Obviously, this isn’t perfect and you rarely get the *exact* same makeup. But a good research team will do there best to get as close as possible to that.

Anonymous 0 Comments

Hopefully someone can speak to the details of HOW they do it, but I can at least answer the WHAT part of the question. A study is trying to look for how thing A relates to thing B, but there’s usually also things C-Z that relate to A and/or B. Controlling for those things is trying to take them out of the answer as much as possible to isolate just A and B as best they can.

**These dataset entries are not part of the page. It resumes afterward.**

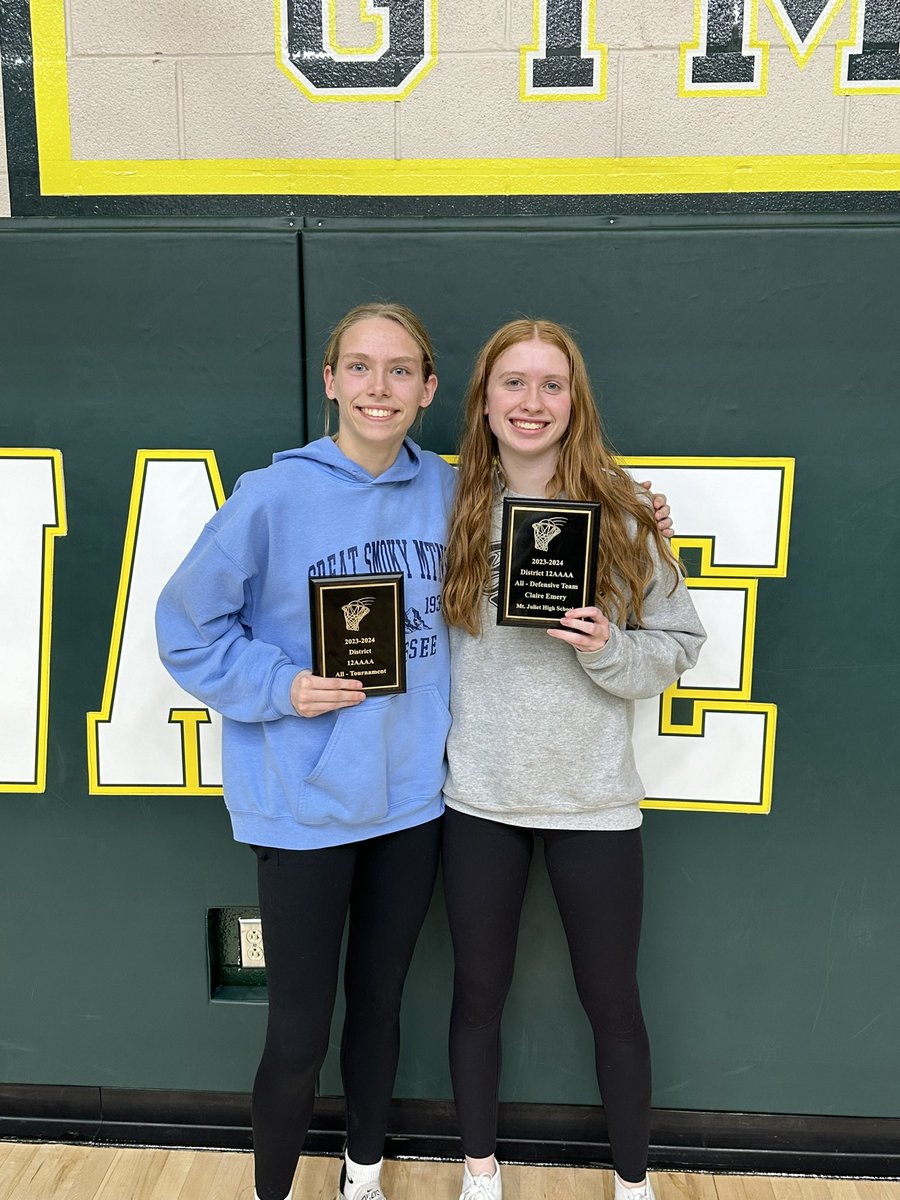 Congratulations to OUR very own Makayla Hopson and Claire Emery on their individual District 12AAAA Awards! Claire made the All-Defense team and Makayla made the All-Tourney team! The future is bright <a href="/mtjulietbears/">Mt. Juliet High School</a>!
<a href="/BNNMJHS/">BNN MJHS</a> <a href="/MJ_Athletics/">Mt. Juliet Athletics</a> <a href="/WilsonPostNews/">The Wilson Post</a> <a href="/FarmyJoe/">Coach Hiett</a> <a href="/Amandaw1318/">Amanda Whittington</a>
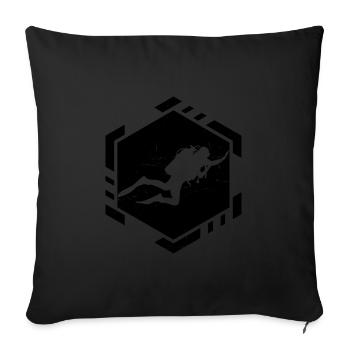 Plongée libre pour hommes Plongée sous-marine - Housse de coussin décorative 45 x 45 cm - noir - Devant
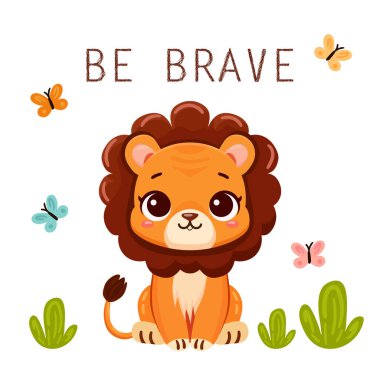 Sevimli Genç Aslan Beyazın Üzerinde Duruyor. Vektör illüstrasyonu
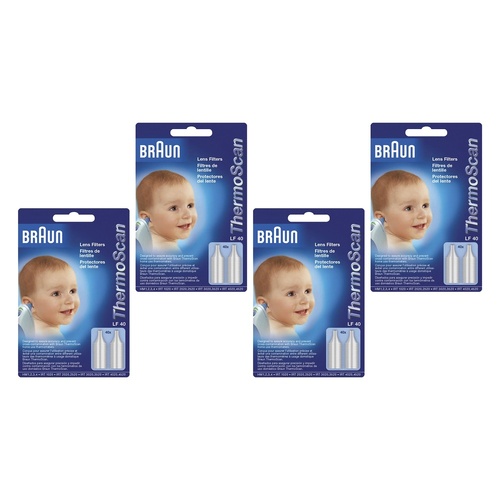 Braun ThermoScan IR Ear Thermometer Lens Filters 40 Pack Bundle of 4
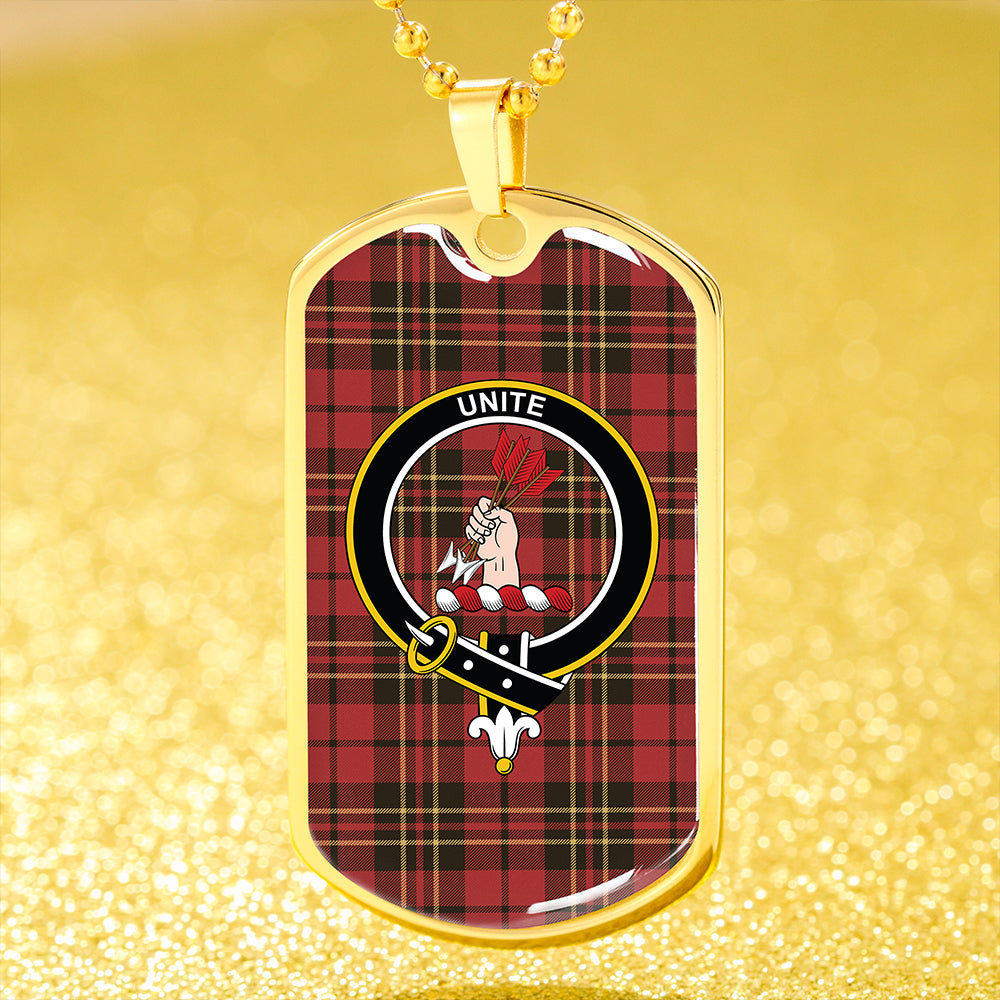 Brodie Red Weathered Clan Badge Classic Tartan Dog Tag Necklace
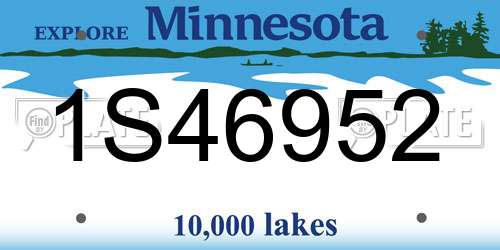 1S46952 Minnesota License Plate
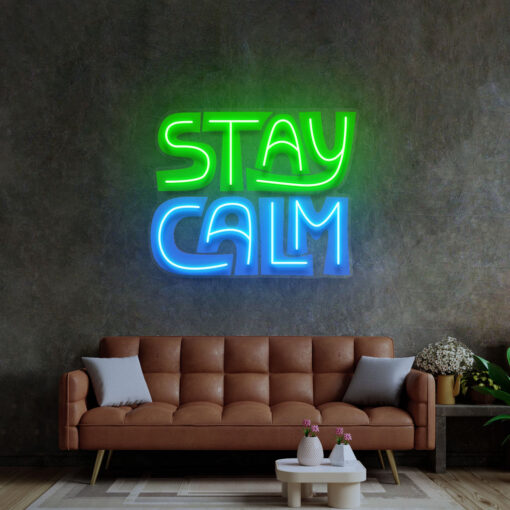 Panneau Néon – "Stay Calm" – Œuvre en Acrylique – Image 4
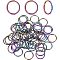 60Pcs Ion Plating(IP) 304 Stainless Steel Jump Rings, Round Ring, Open Jump Rings, Rainbow Color, 18 Gauge, 12x1mm, Inner Diameter: 10mm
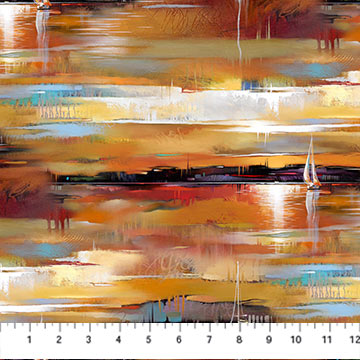 Tranquil Tides - Sailboats Ochre/Multi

For example, say I did a study to see if owning a dog made you healthier. I might find that people who own dogs take more walks. To see if it’s really the dog making them healthier, I also want to look at people who do those things and don’t have a dog. Correcting for those variables would be looking at whether people that take as many walks as dog owners but don’t have a dog. The more variables that you can make the same, the better the chance that it’s your studied variable tied to the studied effect.

Anonymous 0 Comments

You simply include/exclude people of particular categories from the dataset and/or measure the effect on just that group of people.

If you identify a statistically significant difference in outcome between groups, you can mathematically subtract this influence from the origninal result in proportion to the relative size of the smaller group within the whole dataset.

Anonymous 0 Comments

Sometimes you know that a group has a certain advantage, so you can correct for that to “get it out of the way”.

**Dumb example: God decides to bless Alabama by letting everyone in the state live five years longer.** (I’m using numbers from [https://en.wikipedia.org/wiki/List_of_U.S._states_and_territories_by_life_expectancy](https://en.wikipedia.org/wiki/List_of_U.S._states_and_territories_by_life_expectancy) for this.) Alabama’s life expectancy jumps to 80.5.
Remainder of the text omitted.